# INSTRUCTIONS FOR THE TASK
Word for word, retype the tail of the data below, starting with the line that has "Load image into" and including the last line.

# AVAILABLE DATA
+++
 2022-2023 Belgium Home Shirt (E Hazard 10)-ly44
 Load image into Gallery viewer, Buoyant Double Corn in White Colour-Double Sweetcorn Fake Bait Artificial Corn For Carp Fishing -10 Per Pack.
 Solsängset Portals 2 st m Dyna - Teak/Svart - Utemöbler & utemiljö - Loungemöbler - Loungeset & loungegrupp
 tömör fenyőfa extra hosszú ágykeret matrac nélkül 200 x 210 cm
+++
# RESULT OF THE TASK
 Load image into Gallery viewer, Buoyant Double Corn in White Colour-Double Sweetcorn Fake Bait Artificial Corn For Carp Fishing -10 Per Pack.
 Solsängset Portals 2 st m Dyna - Teak/Svart - Utemöbler & utemiljö - Loungemöbler - Loungeset & loungegrupp
 tömör fenyőfa extra hosszú ágykeret matrac nélkül 200 x 210 cm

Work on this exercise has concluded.